* _WHAT IS REQUIRED_
Among the entries that follow, locate the line with "Gucci Ophidia Medium" and the line with "some pink roses that are on a bush". Output those lines and all lines in between, exactly, minus the pictures.

* _DATA UNDER STUDY_
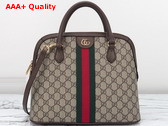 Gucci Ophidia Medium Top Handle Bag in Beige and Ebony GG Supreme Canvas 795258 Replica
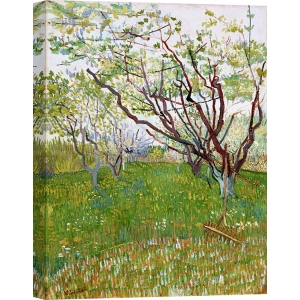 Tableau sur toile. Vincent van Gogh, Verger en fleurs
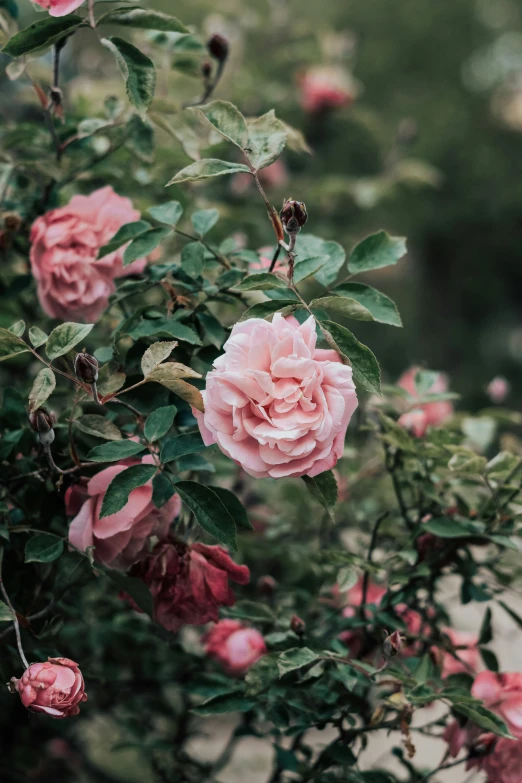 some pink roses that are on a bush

---

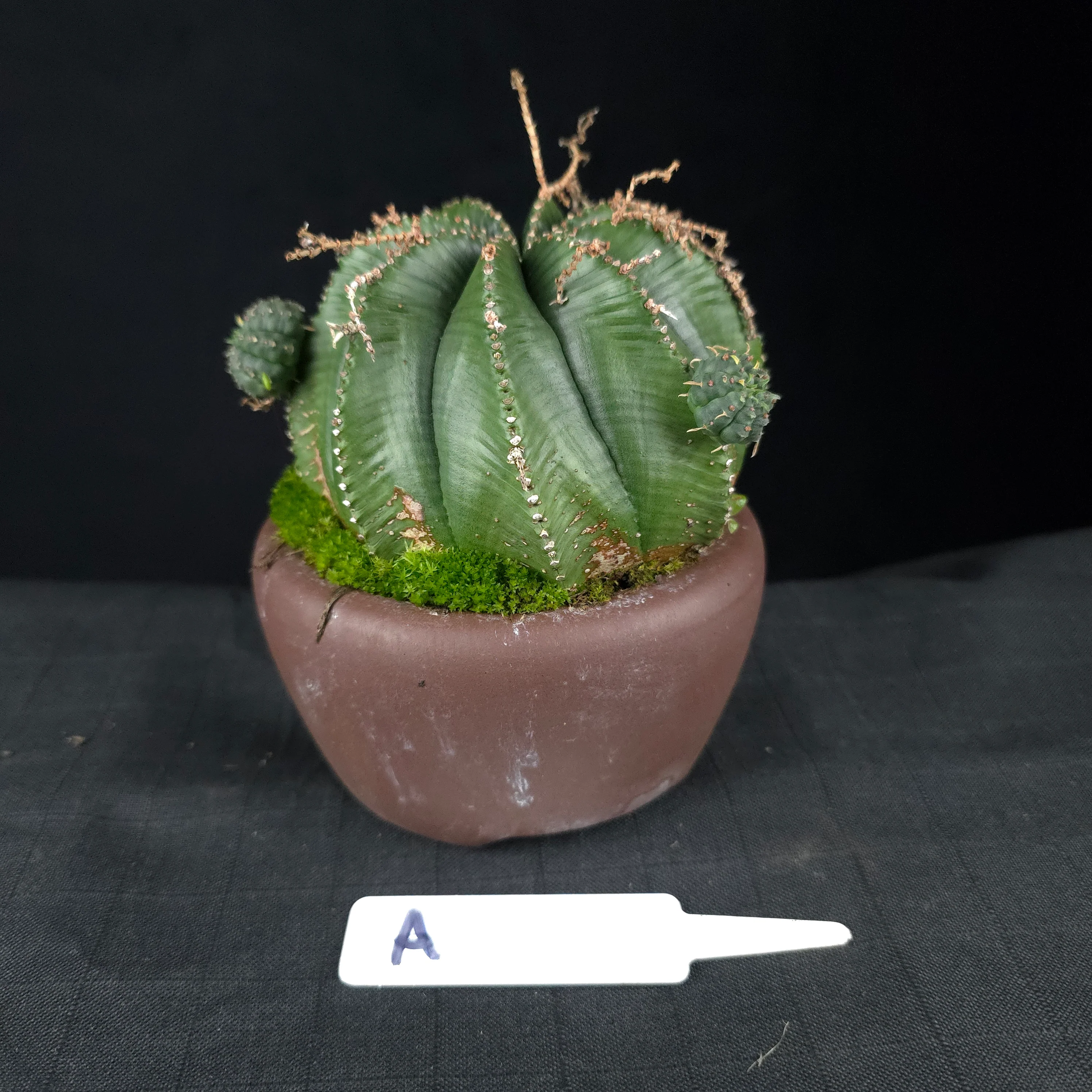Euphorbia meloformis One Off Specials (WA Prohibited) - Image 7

* * *

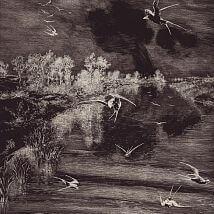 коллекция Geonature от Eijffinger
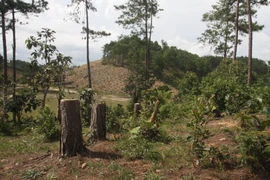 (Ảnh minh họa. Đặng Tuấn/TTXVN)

* _TASK OUTPUT_
 Gucci Ophidia Medium Top Handle Bag in Beige and Ebony GG Supreme Canvas 795258 Replica
 Tableau sur toile. Vincent van Gogh, Verger en fleurs
 some pink roses that are on a bush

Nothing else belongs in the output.